Hard to really say if it will negatively or positively impact yield.

You should be able to cram in more chips per wafer. But, you might see more of those turn out to be duds due to the more complex layers. This 3d stacking has an amplifying effect to flaws in lower layers.

We'll see if Zen 4 or Zen 5 has 100Mb caches... that'll be the true test.

derefr · on June 9, 2021

The proper yield comparison for TSV wouldn't be against the one-chip, less-stuff version, though. It'd be against what you'd have to do to achieve the same capacities without TSV: a multiplication of the number of mask layers per chip, to produce a single extremely "tall" chiplet. That'd be an extremely low-yield process (which is why nobody's doing it.)

rbanffy · on June 9, 2021

That's so true. In college I designed a discrete stack-based CPU and by far the biggest chip count was in the microcode EPROMs and SRAM for the register file. In those days RAM was fast, so it didn't have a cache (which would be even more SRAM).

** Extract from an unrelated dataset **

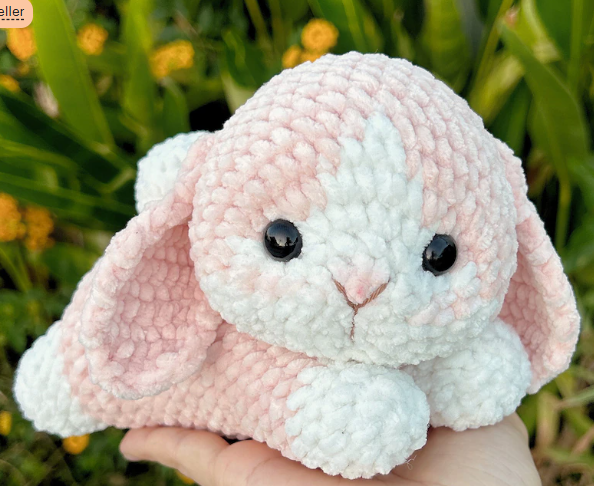 The easiest steps to master the art of crocheting cute animals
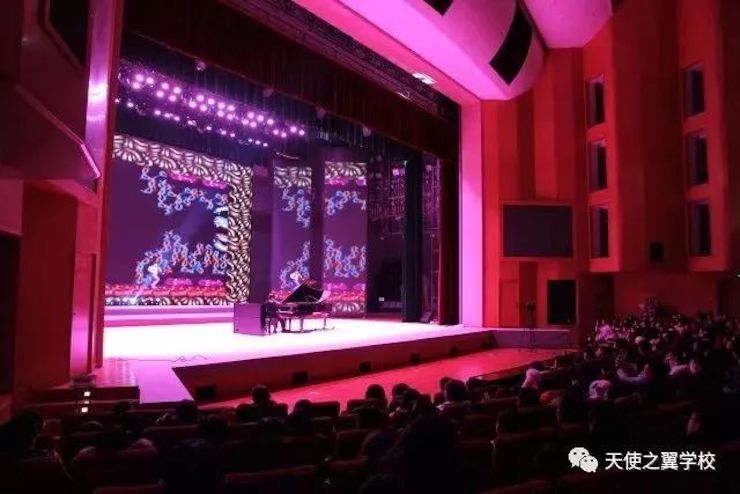 【报道】宿州市首届国际钢琴大师音乐会暨狗万艺术家宋思衡多媒体音乐会圆满成功！（内含视频）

55873445216111 · on June 9, 2021

Really impressive and a plesently surprising feature from AMD. I imagine the real target market for this is Eypc server CPUs. Eventually they might be able to cut the L3 cache out of the CCD die completely and rely only on external SRAM die as L3. This would give AMD a very flexible portfolio where they can offer different SKUs with different amounts of L3 cache at different price points, all using the exact same CCD die. What will be interesting is to see how much the die stacking impacts thermals.

_xy8h · on June 9, 2021

Also consider that cache is typically a substantial portion of the die, that's some impressive cost savings to be able to etch the wafer without having to worry about the greater area with cache resulting in a potentially defective chip. Smaller chips, more chips on a wafer, less loss overall with a defect.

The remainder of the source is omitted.